The gradual withdrawal of the Shiv Sena’s most prominent face in New Delhi—former Lok Sabha speaker Manohar Joshi—from national and party politics around 2012 ensured that Raut took over his role. This coincided with calls from within the BJP for anointing then Gujarat chief minister Narendra Modi as the party’s prime ministerial face. Raut was among those in the Shiv Sena who were uncomfortable at this. Hence, he was part of the caucus of Sena leaders who ensured that Bal Thackeray backed then leader of Opposition in the Lok Sabha Sushma Swaraj as their choice for the prime minister’s post.

Gradually, the mercurial Raut became the enfant terrible of the Shiv Sena, even using expletives on live television for a senior BJP leader who had made allegations against him. During the MVA regime, Raut’s daily durbar outside his flat at Dadar in central Mumbai, Bhandup in the eastern suburbs or at his Safdurjung Lane residence in Lutyens Delhi, where he gave bombastic media bytes, jarred even the party faithful.

That Raut was a thorn in the side for the opponents of the then undivided Shiv Sena became obvious when he won the Rajya Sabha elections for his fourth term in Parliament by a sliver and the party’s other nominee Sanjay Pawar faced a shock defeat in the June 2022 polls and the BJP’s Dhananjay (Munna) Mahadik sailed through. The BJP, with the tacit support from MVA elements, including those from the Shiv Sena, is said to have made elaborate arrangements to defeat Raut, in an election which saw the first stirrings of Eknath Shinde’s rebellion which was to come just days later.

Though this development was overshadowed by Shinde’s rebellion, Shiv Sena leaders admitted that Independent legislators close to the NCP may have played a role in the Sena’s Rajya Sabha debacle.

But, at a time when many Shiv Sena legislators and leaders facing allegations of financial irregularities jumped ship to Eknath Shinde during his June 2022 coup to make peace with the BJP, Raut’s defiant and unfazed position as he was arrested by the ED struck a chord with most loyalist Shiv Sainiks.

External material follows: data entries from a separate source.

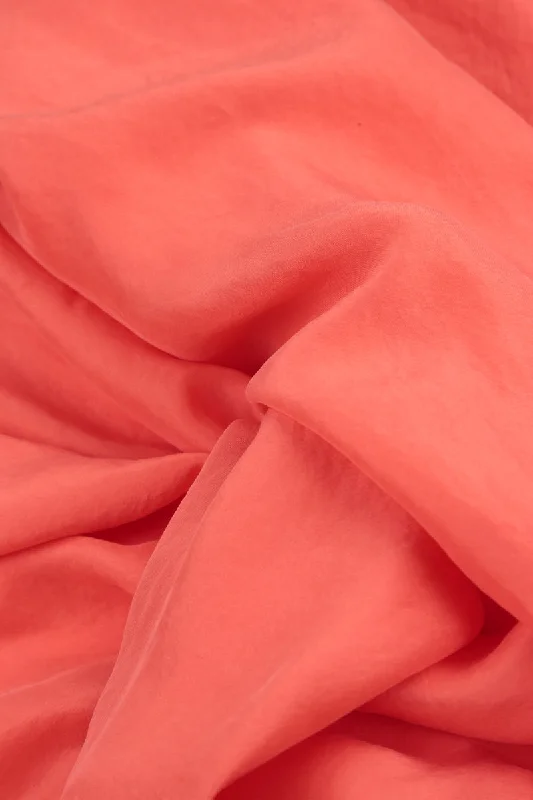 Strappy Living Coral Pure Silk Top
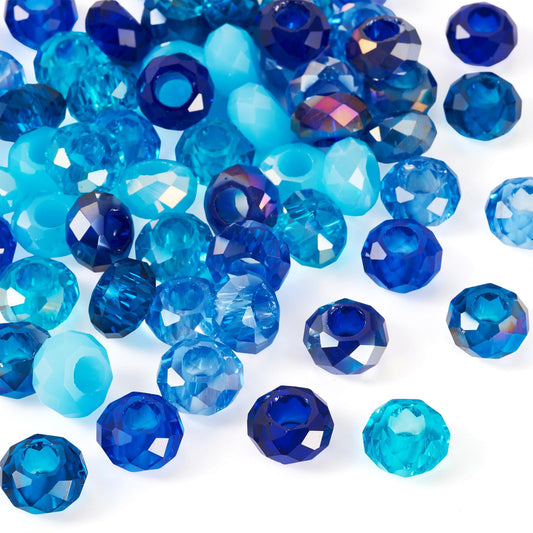 Craftdady 60Pcs Blue Color Theme European Beads Large Hole Faceted Glass Bead Blue Rondelle Bead Crystal Loose Spacer Beads for Jewelry Making DIY Pens Snake Chain Charm,12 Colors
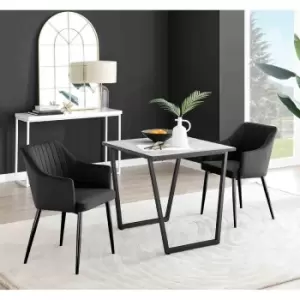 Furniture Box Carson White Marble Effect Square Dining Table and 2 Black Calla Black Leg Chairs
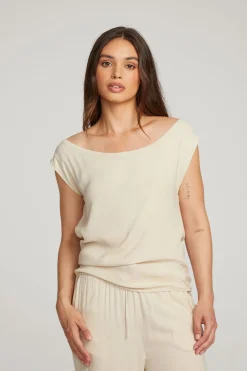 Chaser Brand Sleeveless Bark Dolman Tee Outlet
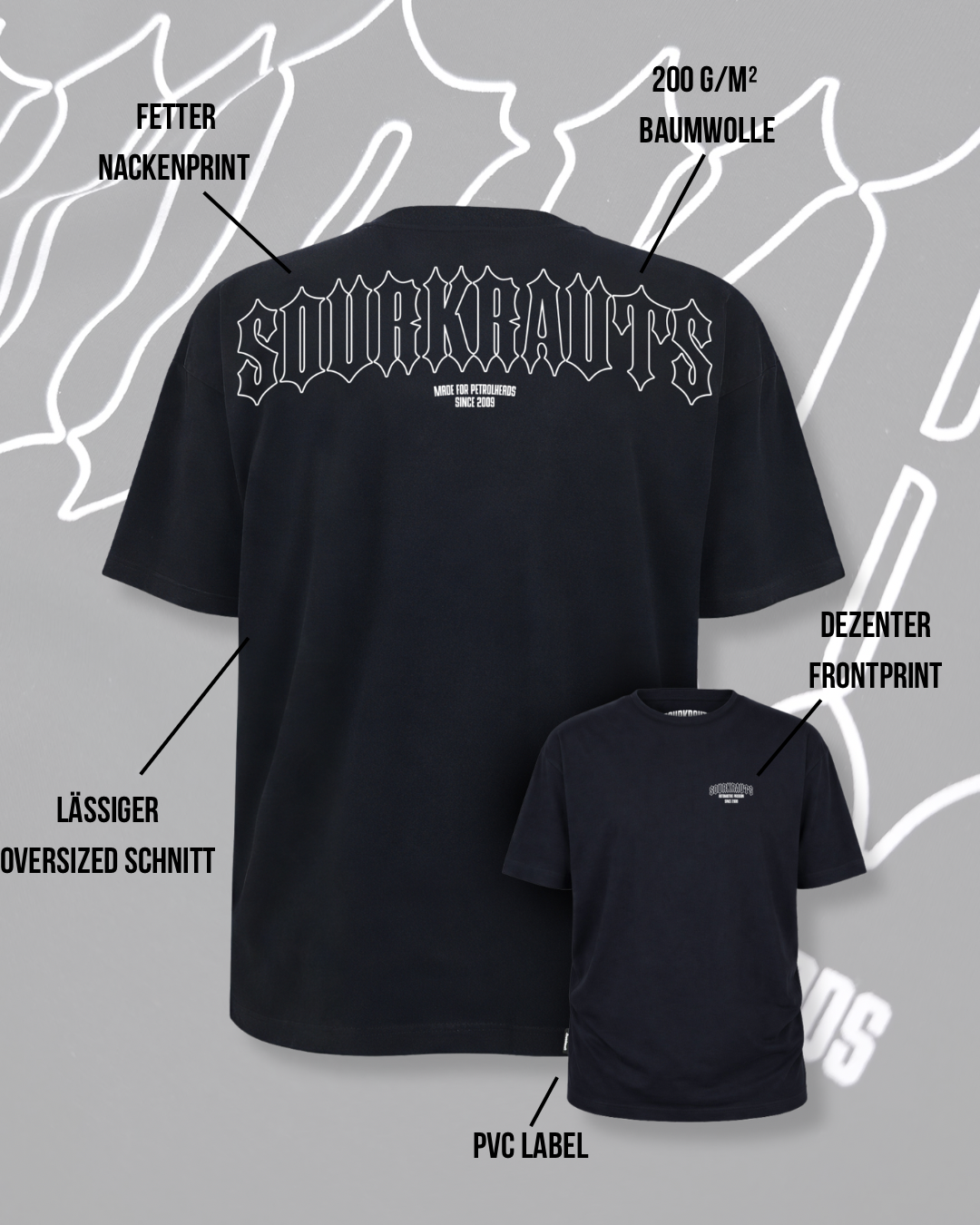 Oversized | T-Shirt |  Spikes | Schwarz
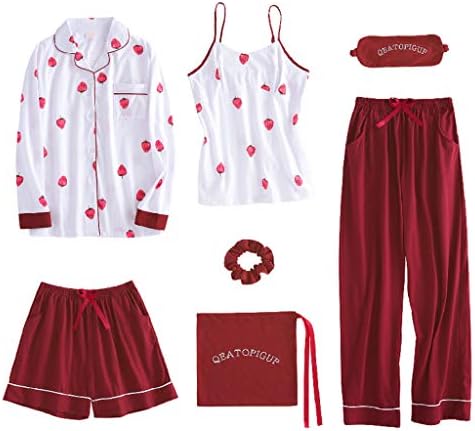 パジャマ レディース ルームウェア 寝巻き 可愛い 7点セット ルームワンピース 部屋着 サテン 長袖 ズボン 商品 春 バレンタインデー 夏 上下セット キャミソール 秋 ホワイトデーのプレゼント パンツ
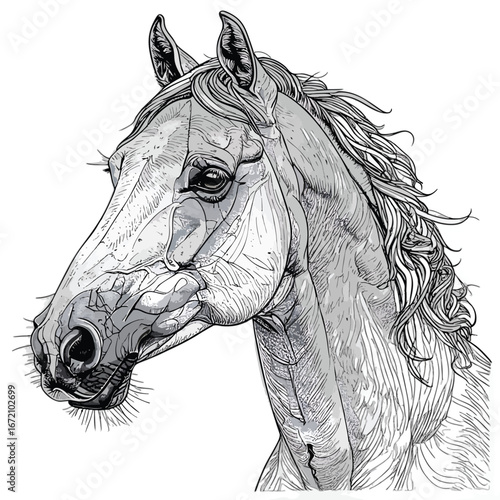 A detailed black and white handdrawn sketch of a majestic horses head in profile.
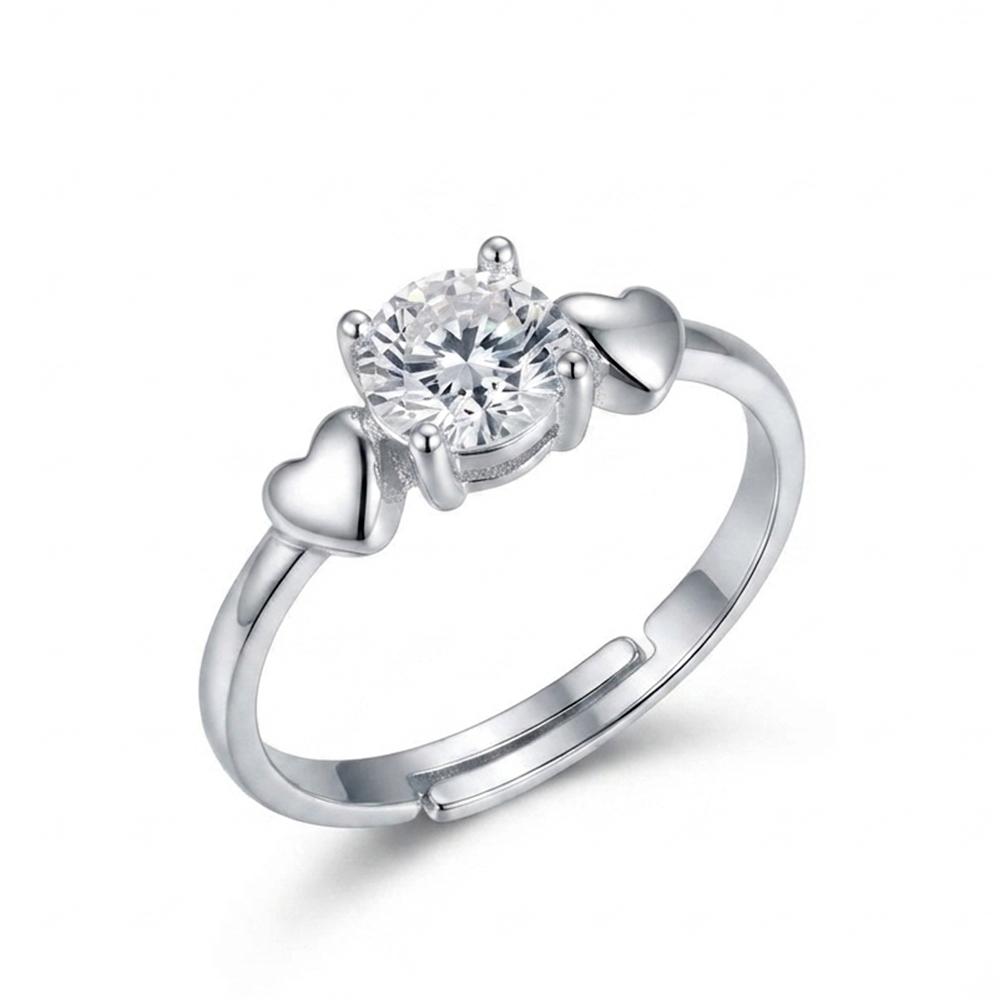 The99Jewel Silver Plated CZ Solitaire Adjustable Ring with Box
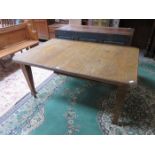 ANTIQUE OAK WIND OUT DINING TABLE WITH ONE LEAF.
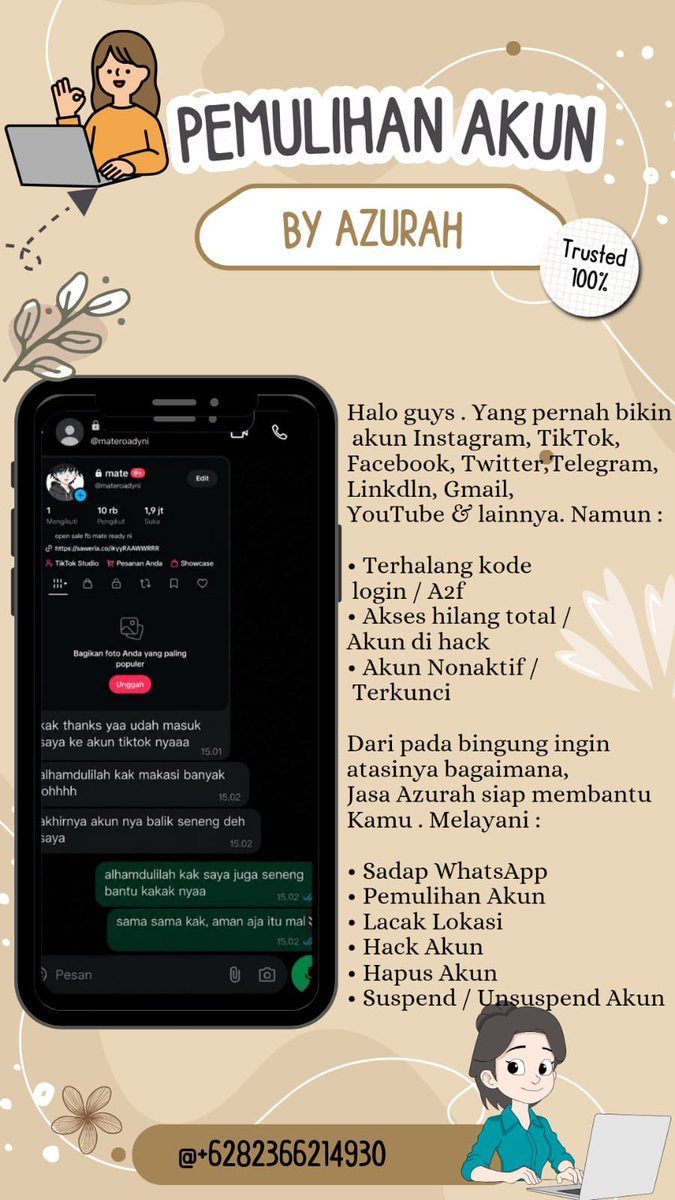 flawncy's tweet photo. open jasa balikin &amp; hapus akun.

✧˚ pemulihan akun
- instagram, tiktok, whatsapp, line, facebook, x, gmail, telegram dll

✧˚ hapus akun
- facebook, tiktok, instagram, line, whatsapp, twitt / x, dan lainnya

Sadap Wa, hack akun, lacak lokasi ?
Mau Order ? Dm or WhatsApp Di Bio❕ https://t.co/YnOA0R3JIH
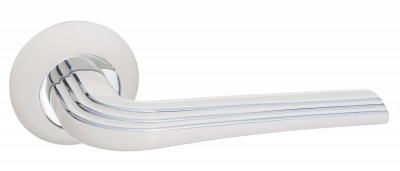 Ручка дверная "Терамо", белый-хром Ручка дверная "Терамо", белый-хром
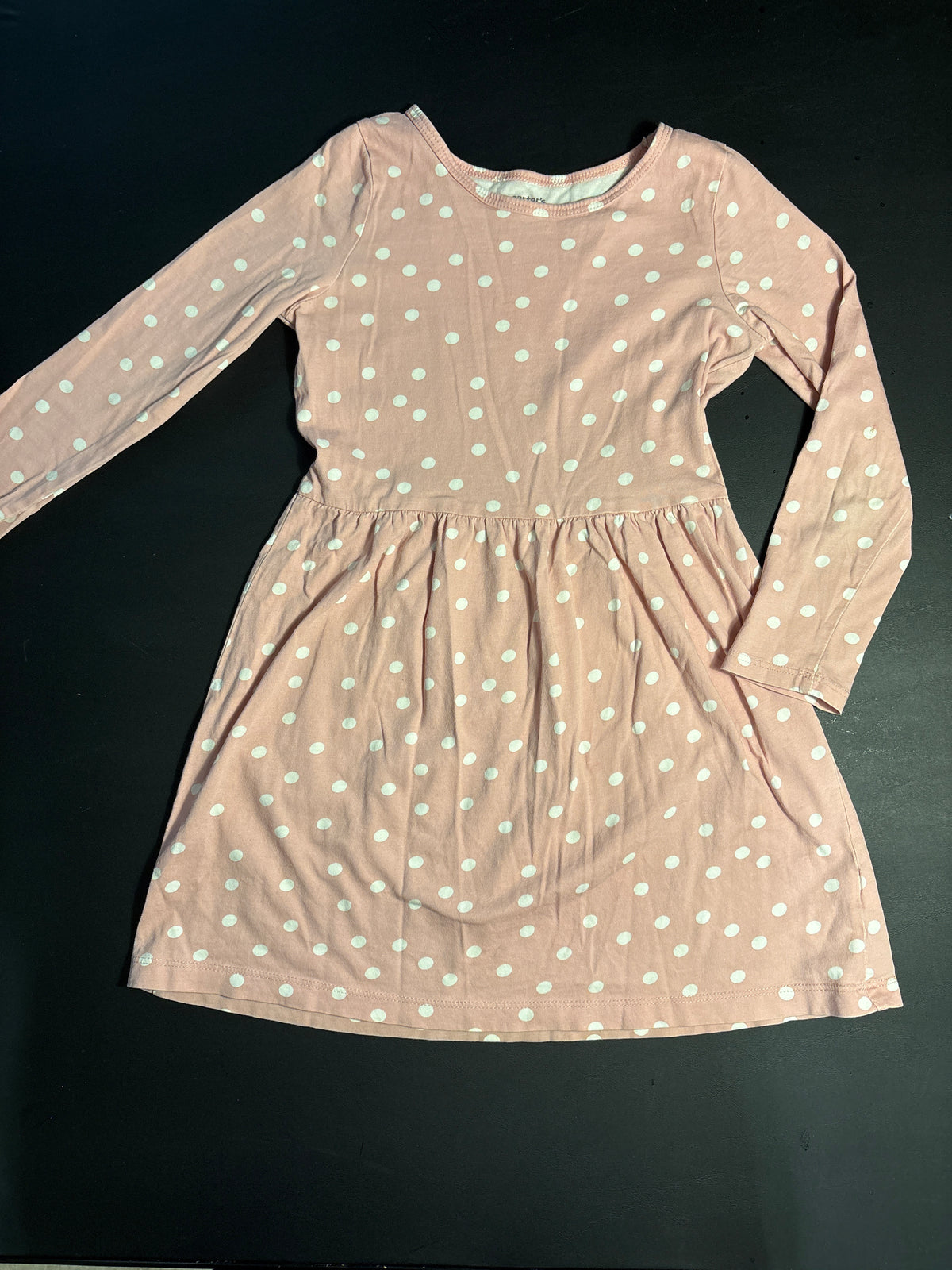 Carters pink polka dot LS dress - size Youth - 6 (S)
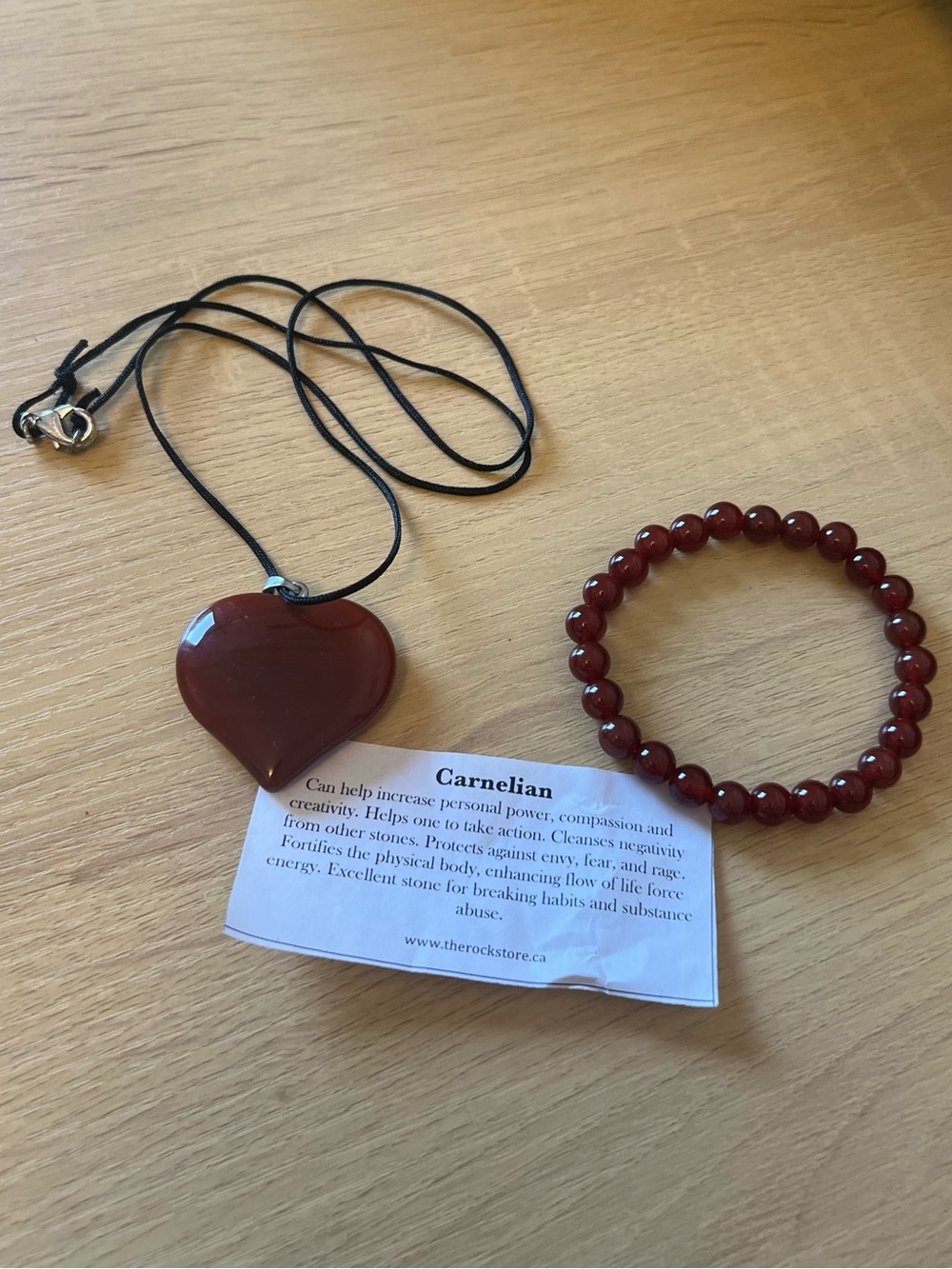 Carnelian Red Heart Pendant Necklace and Beaded Bracelet Set - The Rock Store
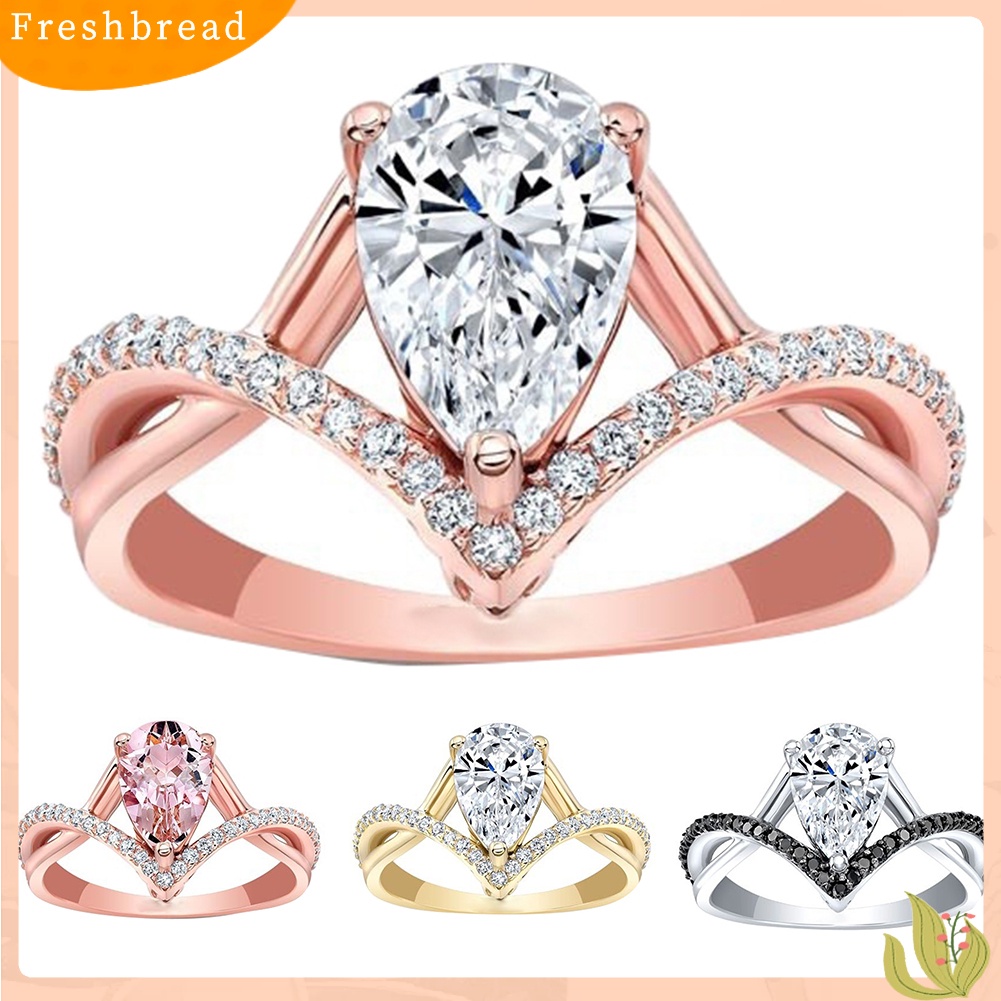 &lt; Freshbread &gt; Wanita Tetesan Air Cubic Zirconia Hias Memutar Jari Cincin Perhiasan Pesta Pernikahan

Though a senior Shiv Sena leader from the Uddhav Thackeray camp admitted that Raut needed to measure his words to ensure that the party did not lose the latent sympathy among the people, he pointed out that the Rajya Sabha MP was giving Shinde and BJP as good as it gets. For, as the Sena leader claimed, when it comes to street fighting, one must fight dirty.